Source data:
______________________________

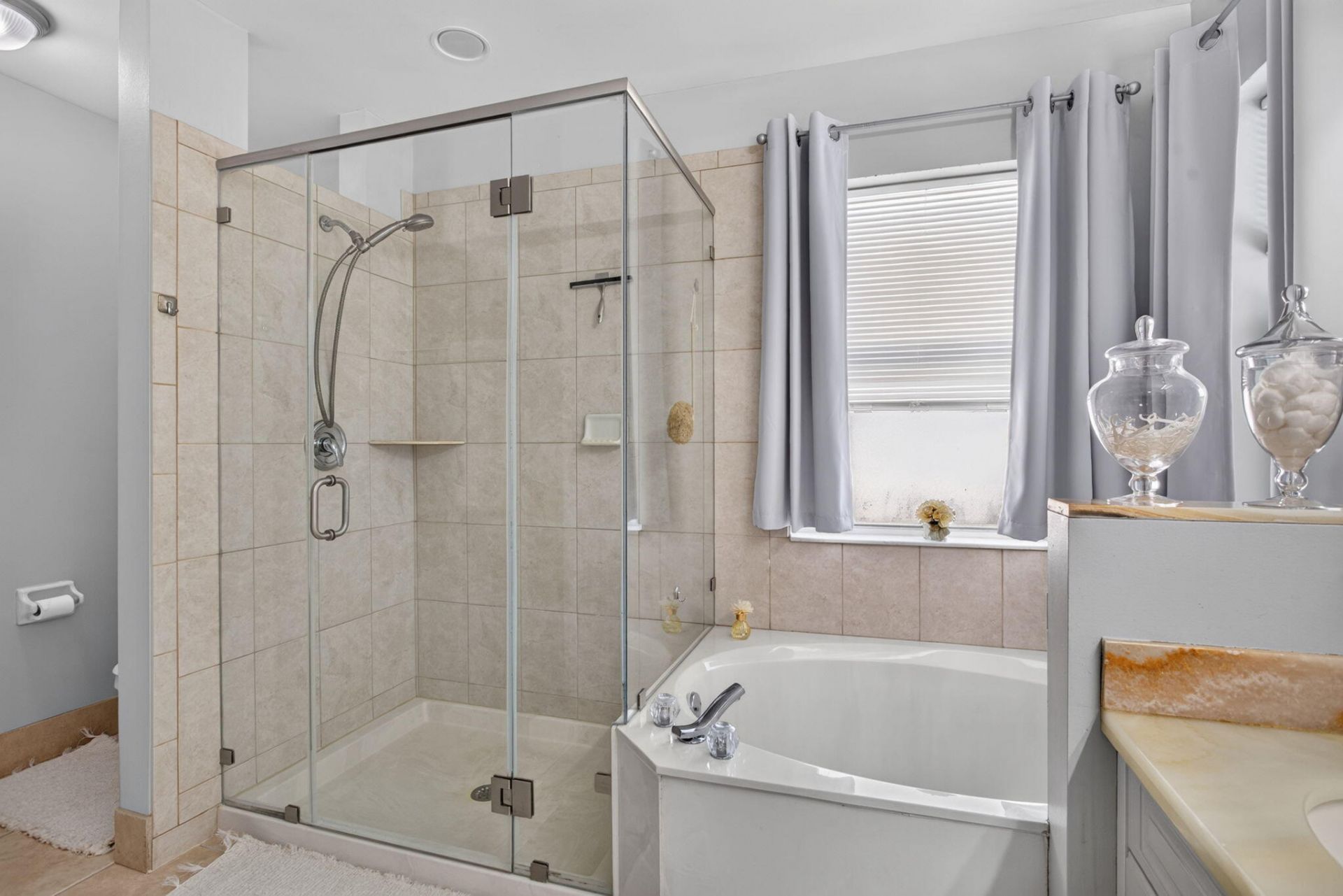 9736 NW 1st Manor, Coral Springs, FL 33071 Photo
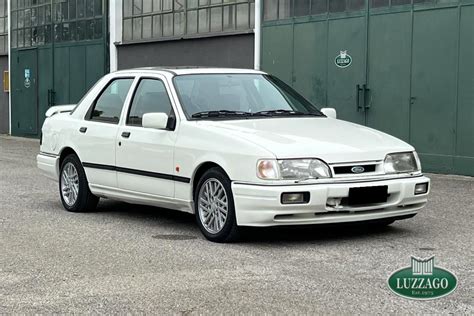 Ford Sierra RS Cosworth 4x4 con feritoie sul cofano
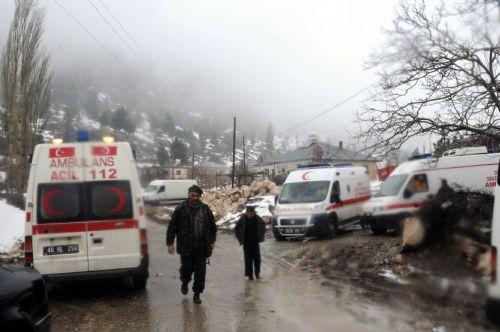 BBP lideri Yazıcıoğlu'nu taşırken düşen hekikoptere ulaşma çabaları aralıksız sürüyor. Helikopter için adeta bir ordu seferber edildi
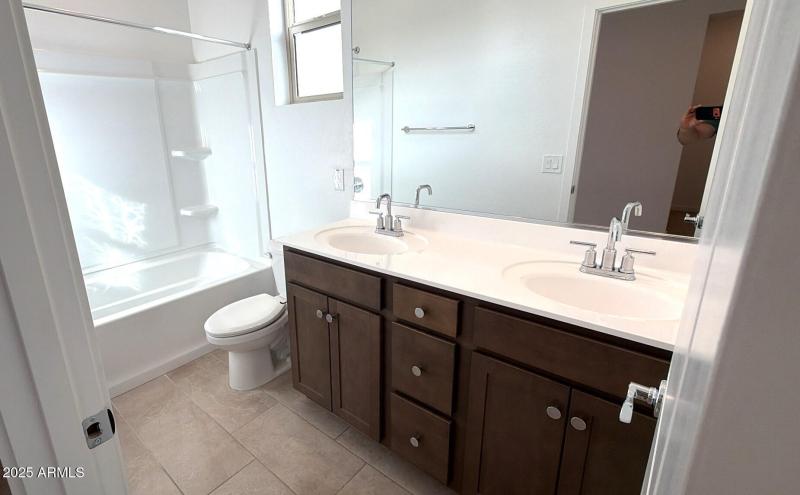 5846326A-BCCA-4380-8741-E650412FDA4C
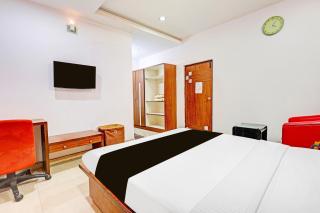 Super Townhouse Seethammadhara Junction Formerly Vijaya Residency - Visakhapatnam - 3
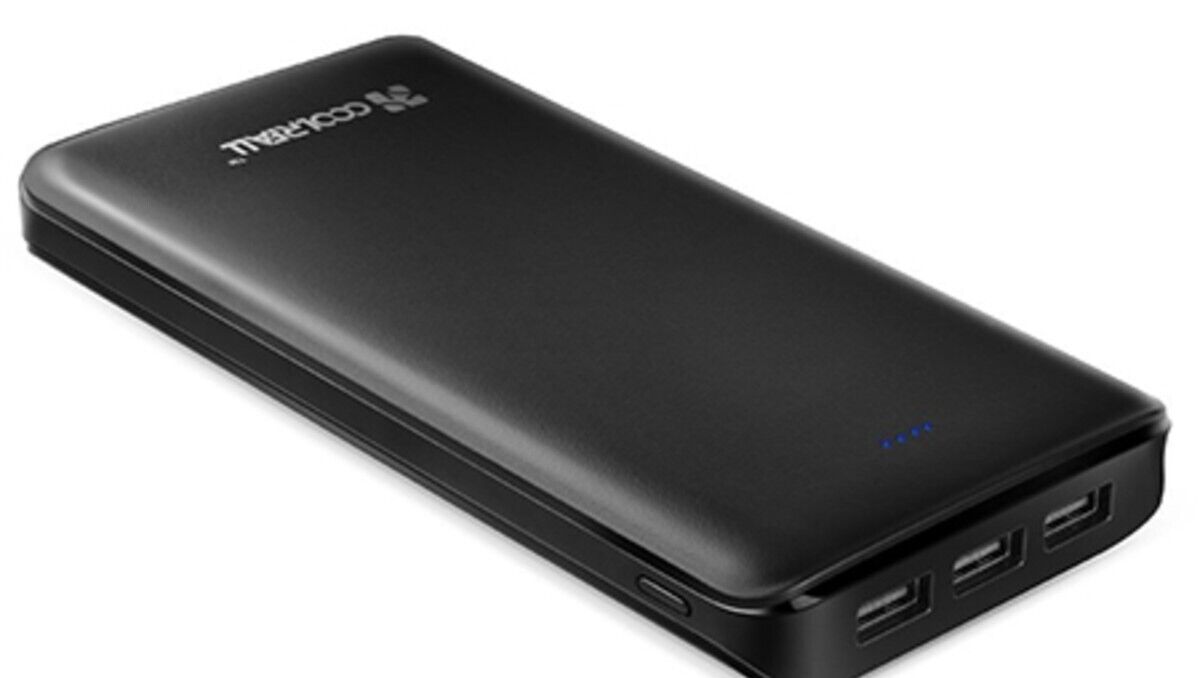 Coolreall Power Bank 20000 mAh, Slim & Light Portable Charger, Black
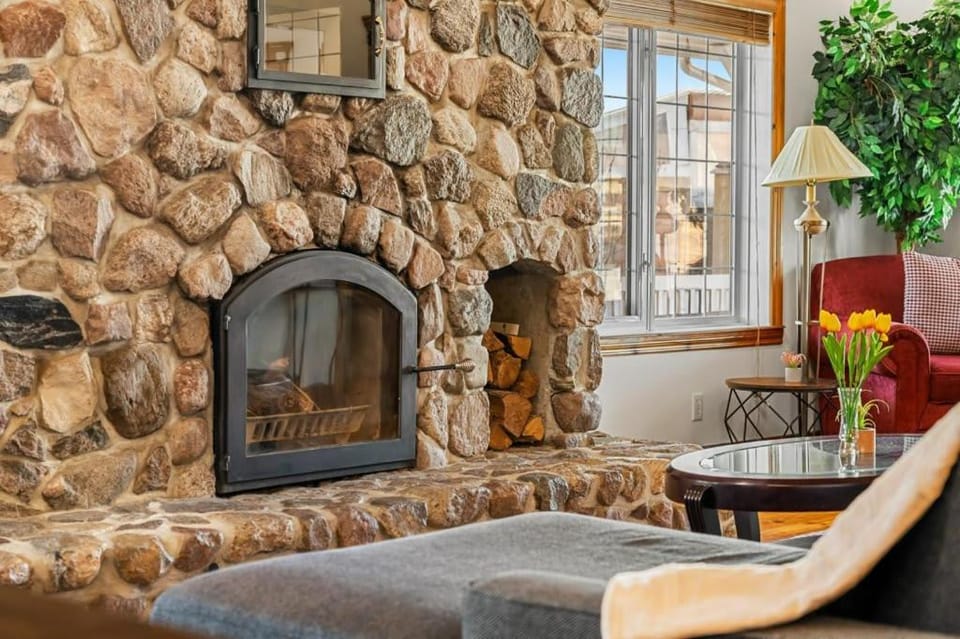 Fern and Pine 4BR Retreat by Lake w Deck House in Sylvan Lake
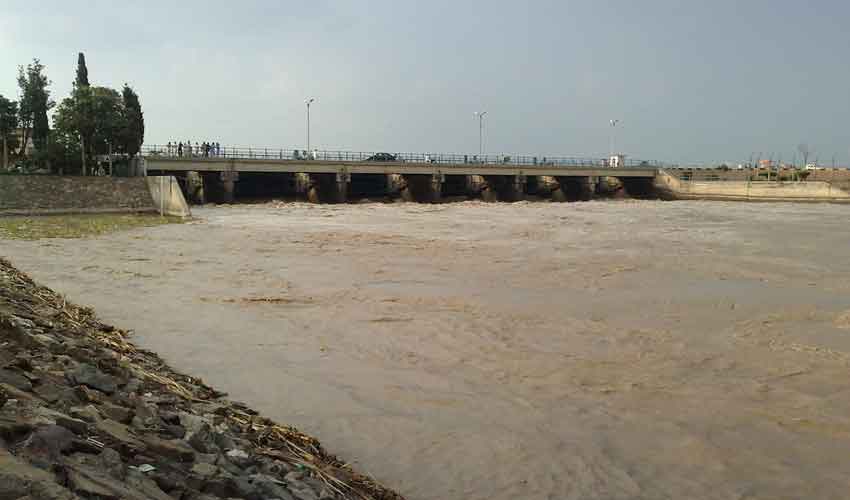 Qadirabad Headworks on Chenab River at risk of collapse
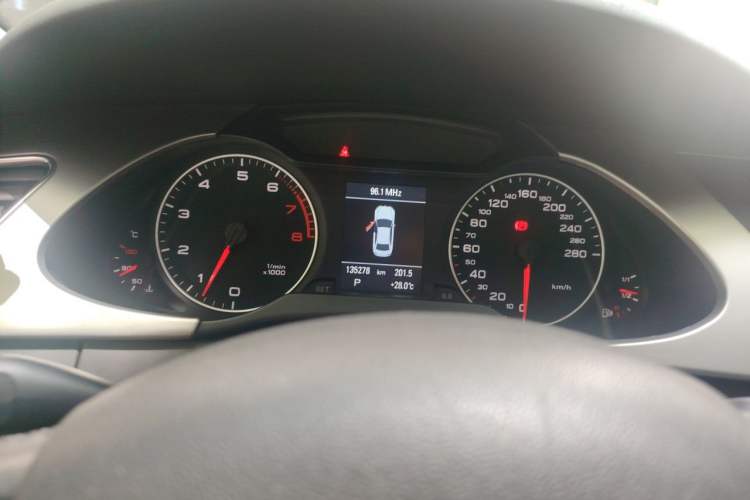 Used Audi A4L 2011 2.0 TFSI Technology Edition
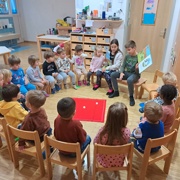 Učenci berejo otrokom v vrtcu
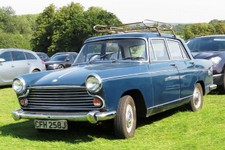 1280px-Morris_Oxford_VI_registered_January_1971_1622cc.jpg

______________________________

Exercise brief: For each record above, write it out exactly and omit any picture.

Problem solution:
 9736 NW 1st Manor, Coral Springs, FL 33071 Photo
 Ford Sierra RS Cosworth 4x4 con feritoie sul cofano
 BBP lideri Yazıcıoğlu'nu taşırken düşen hekikoptere ulaşma çabaları aralıksız sürüyor. Helikopter için adeta bir ordu seferber edildi
 5846326A-BCCA-4380-8741-E650412FDA4C
 Super Townhouse Seethammadhara Junction Formerly Vijaya Residency - Visakhapatnam - 3
 Coolreall Power Bank 20000 mAh, Slim & Light Portable Charger, Black
 Fern and Pine 4BR Retreat by Lake w Deck House in Sylvan Lake
 Qadirabad Headworks on Chenab River at risk of collapse
 Used Audi A4L 2011 2.0 TFSI Technology Edition
 Učenci berejo otrokom v vrtcu
 1280px-Morris_Oxford_VI_registered_January_1971_1622cc.jpg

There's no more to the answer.